PM to warn Hollande that he will block eurozone governance plans if the EU refuses to allow a renegotiation

David Cameron will warn François Hollande that he will block new governance arrangements for the eurozone if the EU refuses to allow a renegotiation of Britain’s relationship with Brussels. In his first meeting with the new French president in Downing Street, Cameron will also ask Hollande to uphold an informal deal with his predecessor on Britain’s EU rebate.

Cameron agreed not to demand major changes to the Common Agricultural Policy, which benefits French farmers, in exchange from an undertaking from Sarkozy to leave alone Britain’s £2.7bn annual EU rebate. French officials have made clear in recent weeks that they are not minded to uphold the informal arrangement during the forthcoming negotiations on the EU budget for the period 2014-2020.

Downing Street is hoping that Tuesday’s meeting will foster a warmer relationship with Hollande after Cameron declined to meet him during his visit to London at the height of the French presidential election.

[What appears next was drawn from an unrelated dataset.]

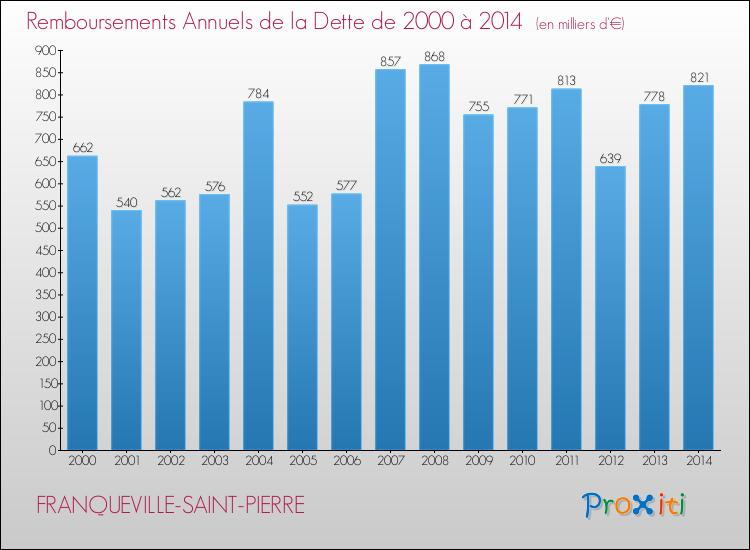 Evolution de l'annuité de la dette pour la commune de FRANQUEVILLE-SAINT-PIERRE de 2000 à 2014 Annuités de la dette pour FRANQUEVILLE-SAINT-PIERRE de 2000 à 2014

But the prime minister is planning to explain in greater detail his warning at last month’s EU summit that Britain will demand “safeguards” to protect its position when eurozone leaders draw up new governance arrangements. Britain fears that moves towards a fiscal union in the eurozone could undermine the EU’s single market which applies to all 27 member states.

Cameron will also make clear that Britain would use the discussions to demand a renegotiation of Britain’s position in the EU, possibly by demanding the repatriation of social and employment laws.

The prime minister’s spokesman said: “The agenda will focus on the range of bilateral issues. I would expect them to cover the economy, the situation in the eurozone. I would expect them to cover a number of foreign policy issues and our ongoing co-operation with the French on defence.”

William Hague will underline the government’s commitment to repatriating powers from Brussels at the launch of a report by the Fresh Start group of eurosceptic Conservative MPs. The report has a line-by-line analysis of every policy area, with an assessment of the likelihood of of success in repatriating powers.

It breaks these down into three areas using traffic lights: green lights for changes that can be made immediately, such as opting out of 130 justice and home affairs laws; amber lights for changes that would need treaty change, such as repatriation of social and employment laws; and red lights for confrontational proposals such as unilateral withdrawal from the CAP.

George Eustice, one of the report’s authors, said: “Our timetable for action sets out what the government could achieve and by when. We reject the view of defeatists who say it is impossible to renegotiate our membership of the EU. There are things that the government could do right now, such as opt out of 130 justice and home affairs laws. There are other things, such as repatriating control of employment law which may be matters for our next manifesto. But the important thing is to begin the process now.”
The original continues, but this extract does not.